2001 is still advanced according to current standards, just imagine how enigmatic, mysterious and beautiful it would have been in 1968 when man had still not landed on the moon and space was just another fantasy that bewildered many. While I add this one to the list there is a debate going on somewhere as to what a particular scene of this movie signifies and what the overall message of the story is.


Blade Runner (1982)



After making a blockbuster movie Alien, Ridley Scott made a terribly beautiful mistake of making this artistic gem of a movie that talks about emotions and the desire for longevity in androids. The tagline of the movie going as "Man has made his match... Now it's his problem". Blade Runner is shot in one of the most beautiful sets ever and lights have been employed intelligently to give the film correct feel. A lot is left up to the viewer to make out while, "All those moments will be lost in time, like tears in the rain".



A Clockwork Orange (1971)



Most of us wouldn't have got 2001 completely in the first time, but then what about this one? We rarely see movies of the likes of Clockwork Orange and even after decades there is hardly any movie matching its genre, which indeed is yet to be defined. Criticized for its vulgarity, violence and nudity, A Clockwork Orange, is still one of the most baffling films to current standards.



Fight Club (1999)



Fight Club is a 21st century cough syrup that it essentially a mixture of nihilism, narcissism, violence with bits of enlightenment and trust me you can't feel better until you have it. Fight Club does question the futility of our materialistic lives and desire to bring forth something that is more experiential and  liberating. Each and every line of this movie is a gem. Obviously, nobody "got it" when it was initially released which makes it a commercially failed classic cult.




Memento (2000)


Memento is arguably the most important breakthrough movie of this time that brought the fashion of starting from end and going to the beginning. With the subtle transitions of black-and-white turning to colored, a thoroughly written script and a puzzling story line, Memento is essentially food for thought. The movie is a living proof that you don't need big budget to make a hell of a movie.




The Fountain (2006)




The Fountain starts in space, comes back to earth in present time, goes back to the time of conquistadors and again ends in space. It's a treasure of ideas that still needs much to be pondered over. The least appreciated Arronofsky's work is also the most mystical one. A hymn about love, life and death it's a work to meditate upon and reflect.

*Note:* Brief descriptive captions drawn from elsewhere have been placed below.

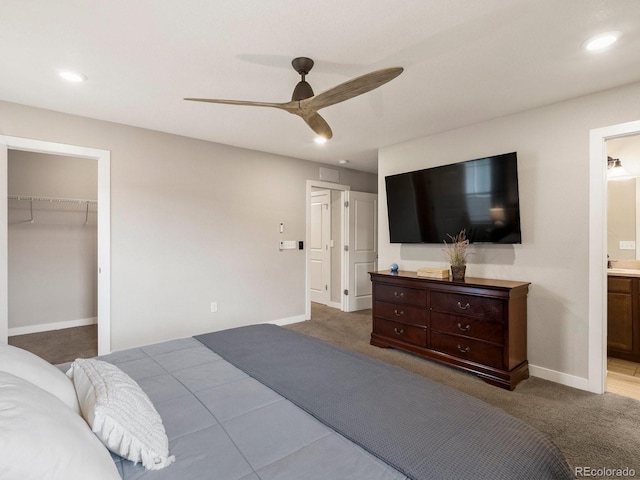 229 W Jamison Ct, Littleton, CO 80120 - bedroom featuring a spacious closet, a ceiling fan, recessed lighting, connected bathroom, and carpet floors
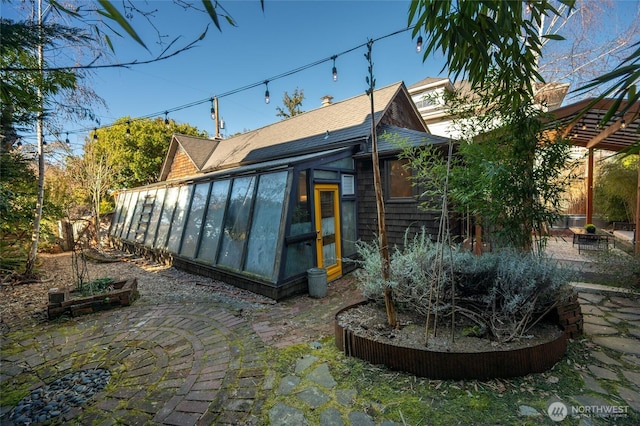 back of property with a sunroom, roof with shingles, a patio, and a pergola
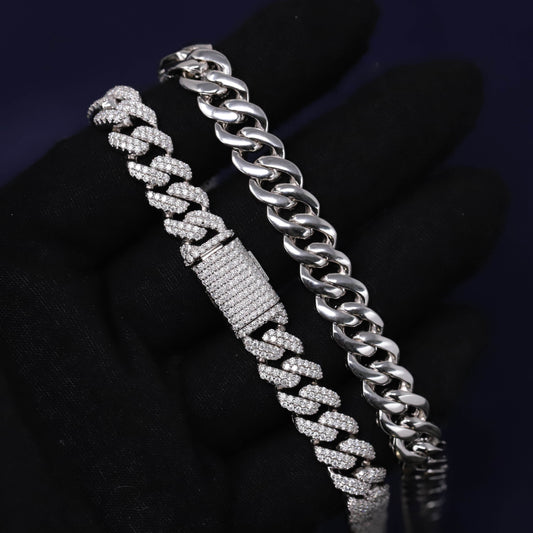 Silver chain bracelet with diamond-like stones on a dark background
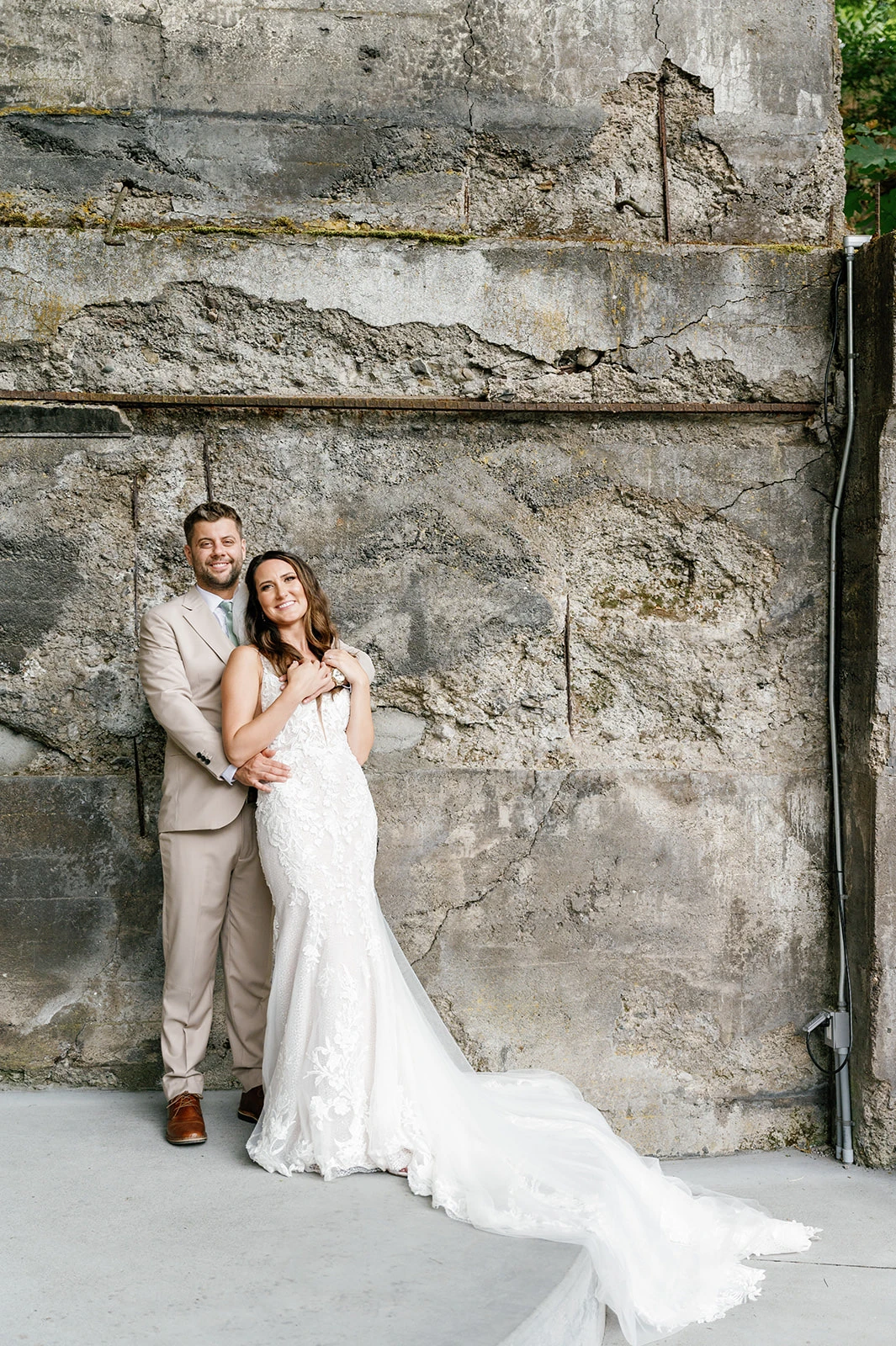 Groom and Bride embracing in front of a stone wall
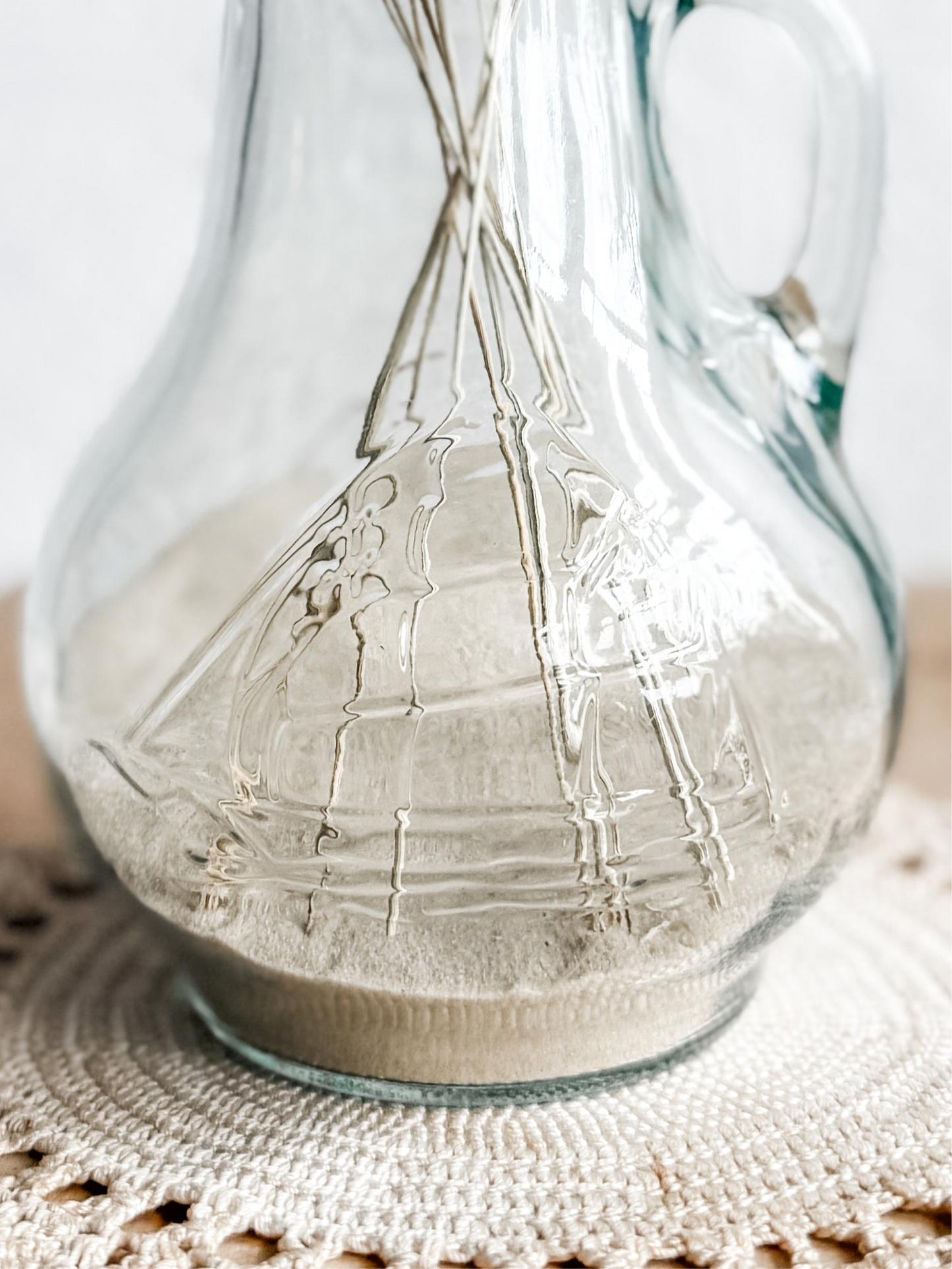 Glass pitcher with embossed sailing ship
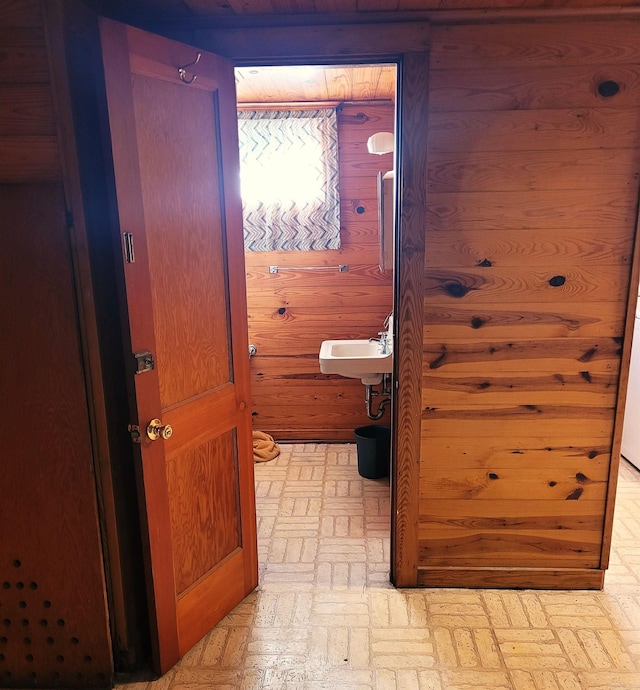 corridor featuring wood walls and sink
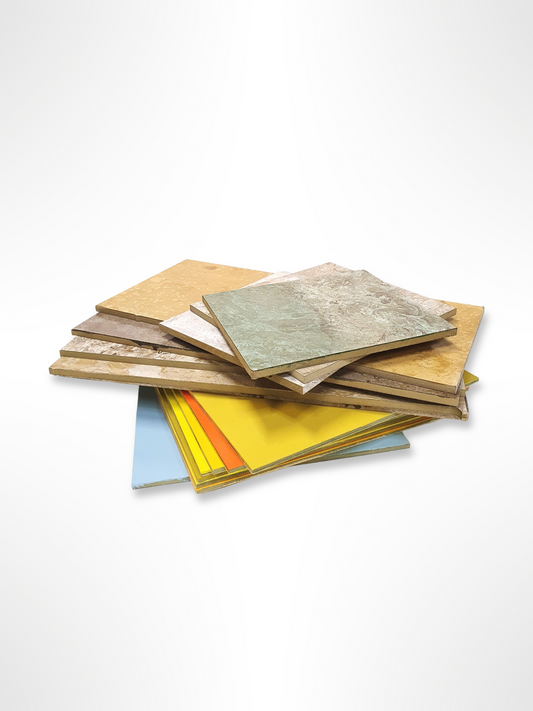 A stack of various colored MDF boards in different sizes, some with visible patterns.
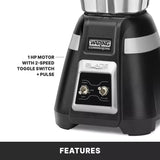 Close-up of a black Waring Commercial bar blender base. A label reads BLADE; two toggle switches—High/Low and PULSE—are visible. Text highlights a 1 HP Motor with 2-Speed Toggle Switch + Pulse. Compatible with stainless steel container. Bottom text says FEATURES.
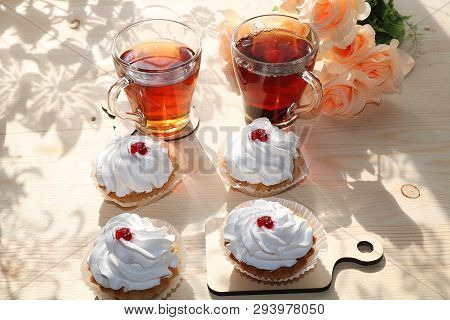 A Cup Of Tea And A Cake On A Sunny Table, A Bouquet Of Spring Flowers For Mood, Diet Food And A Heal
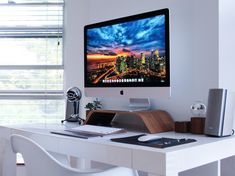 a desktop computer sitting on top of a white desk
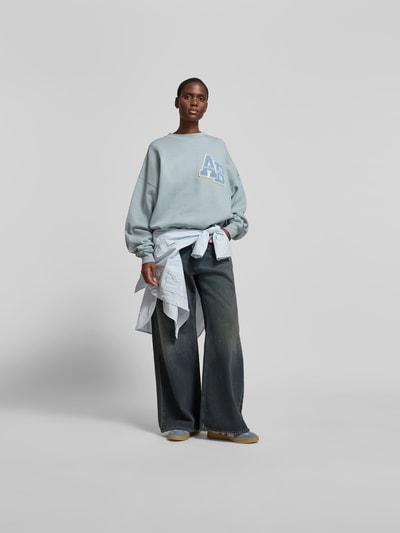 Frauenmodel trägt Oversized Sweatshirt aus reiner Baumwolle von Anine Bing in hellem Blau mit Label-Detail, Elastische Abschlüsse, Rundhalsausschnitt, Rückenlänge 64 cm bei Größe S, Ganzkörperansicht von vorne.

Eternal Sunshine of the Spotless Mind (2004)



Eternal Sunshine of the Spotless Mind talks about love in a scientific way. If you argue that love is just a piece of information hidden deep down the network of your neurons, a memory that can be erased to rid you of all the pain, then you got to see Eternal Sunshine. Not that it will completely change the way you think but you certainly will be shaken to a certain extent. A movie that combines sub-conscious with the conscious and talks about their conflicting each other's territory, Eternal is one of the most important psychological works of recent times.



Last Tango in Paris (1972)



Bernardo Bertolucci took the world with surprise with his Last Tango in Paris (I'm sure it must not have been his last!). Marlon Brando, a middle-aged widower who was madly in love with his wife  starts a anonymous sexual relationship with Maria Schneider, a soon to be married Parisian young girl. It's sheer genius of Bertolucci how he portrays intimacy without a tangle and pulls it off magnificently.




Blue Velvet (1986)



Blue Velvet is one of the rare partially comprehensible David Lynch movie that talks about a psychopath, played by Denis Hopper, a beautiful nightclub singer, played by Isabella Rossellini and a voyeur young man, played by Kyle McLachlan. Shot in the Lynchian aura, Blue Velvet is striking, enigmatic and enticing. It leaves behind sensations in the subtle parts of the brain.



Videodrome (1983)


You will have a thought or two about watching excess of television after viewing Videodrome. It is one of those thrillers that make you feel snug and surprised, both at the same time. One of the most original concepts never done before, Cronenberg will make you uneasy but will also impress you with his originality and brilliance.